Is thrust::copy synchrous or asynchronus?

Hi All,
According to my tests which are detailed below, it seems that thrust::copy is asynchronous with cuda7.0.
Same tests indicate that with cuda6.5 thrust::copy is synchronous.
Is it indeed correct?

Which thrust functions are asynchronous (transform, copy_if, reduce_by_key etc)?
Here’s the test procedure:

  1. Fill a device buffer with 0s and a host buffer with 1s.
  2. Copy from device to host buffer using thrust::copy.
  3. Count host elements which are !=0 before and after cudaDeviceSynchronize().
  4. Print result to screen.
#include <cuda.h>
#include <cuda_runtime.h>
#include <thrust/device_vector.h>
#include <thrust/transform.h>
#include <thrust/copy.h>
#include <thrust/sort.h>
#include <thrust/iterator/constant_iterator.h>
#include <thrust/functional.h>
#include <thrust/reduce.h>
#include <thrust/fill.h>
#include <thrust/execution_policy.h>
#include <iostream>

// test modified values after thrust::copy before and after cudaDeviceSynchronize 

int main(int argc, char **argv)
  unsigned int length = 99999;  
	unsigned int* d_inVal;
  // alocate device buffer, fill with 0s:

	if(cudaSuccess !=  cudaMalloc((void **) &d_inVal, length * sizeof(unsigned int))){
		std::cout << "cudaMalloc err\n";
  cudaMemset(d_inVal, 0, length * sizeof(unsigned int));

	// alocate  hostBuf fill  with 1s::
  unsigned int* hostBuf;
	cudaHostAlloc((void**)&hostBuf, length*sizeof(unsigned int), cudaHostAllocPortable);
	for(unsigned int idx =0; idx < length;idx++){
		hostBuf[idx] = 1;

	// copy to host buffer:
	thrust::device_ptr<unsigned int> d_inVPtr(d_inVal);
	thrust::copy(d_inVPtr, d_inVPtr + length,  hostBuf);

  // if it were synchronous, buffer was all 0s:
	unsigned int cnt = 0;
	for(int idx =length -1 ; idx >= 0;idx--){
		if(hostBuf[idx] != 0){
	std::cout << "mismatches before sync = " << cnt << "\n";
  // Now sync an test again:
	cnt = 0;
	for(unsigned int idx =0; idx < length;idx++){
		if(hostBuf[idx] != 0){
	std::cout << "mismatches after sync = " << cnt << "\n";

	return 0;


nvcc -arch=compute_52 -o run



resuts with cuda7.0:

mismatches before sync = 7879
mismatches after sync = 0

resuts with cuda6.5:

mismatches before sync = 0
mismatches after sync = 0

Would be grateful to get your advice about this.
Ronen Halevy.

Yes, that particular copy call is being done by a cudaMemcpyAsync, which means it can be asynchronous with respect to the host code that follows. Thrust has been migrating in the direction of supporting streams and full concurrency in the CUDA backend for several releases now, so it’s not surprising the behavior in this respect has changed.

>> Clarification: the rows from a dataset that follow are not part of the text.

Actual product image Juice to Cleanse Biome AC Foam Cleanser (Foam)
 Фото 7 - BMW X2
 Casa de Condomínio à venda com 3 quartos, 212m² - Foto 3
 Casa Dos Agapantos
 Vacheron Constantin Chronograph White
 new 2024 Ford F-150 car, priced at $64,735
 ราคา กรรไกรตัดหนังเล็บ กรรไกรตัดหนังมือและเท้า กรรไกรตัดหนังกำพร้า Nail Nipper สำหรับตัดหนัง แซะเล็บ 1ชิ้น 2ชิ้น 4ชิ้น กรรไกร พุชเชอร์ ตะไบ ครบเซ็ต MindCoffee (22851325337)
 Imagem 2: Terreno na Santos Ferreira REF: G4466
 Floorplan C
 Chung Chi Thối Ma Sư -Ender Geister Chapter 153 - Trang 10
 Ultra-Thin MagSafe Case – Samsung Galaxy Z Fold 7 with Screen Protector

I don’t know that it is documented which thrust calls are asynchronous, and under what circumstances. However, thrust is an open-source template library, so this is theoretically discoverable. Given the above statement, however, the safe assumption is to be aware of concurrency potential in general, and make the assumption that calls may be asynchronous.

Because, in general, thrust operations may be asynchronous. Normally, using ordinary allocations instead of pinned allocations and not specifying any stream execution policies is enough to ensure synchronous behavior. However there are possibly exceptions to this, such as thrust calls that return a scalar parameter (such as a reduction sum, or an iterator.)

In this case, you’ve facilitated the asynchronous host/device activity with the use of cudaHostAlloc. The safe assumption with thrust is to assume the behavior in general is asynchronous with respect to host code.

You can get a little bit of insight here by profiling your code with

nvprof --print-gpu-trace …


nvprof --print-api-trace …

and I think you’ll witness and then be able to explain for yourself the difference between cuda 6.5 and cuda 7.0

Note that there is a thrust google group discussion list, called thrust-users, which you can access here:!forum/thrust-users

You might want to sign up for this list. If you wanted to suggest changes in behavior or new features for thrust, that is a good place to do it.

tnx txbob.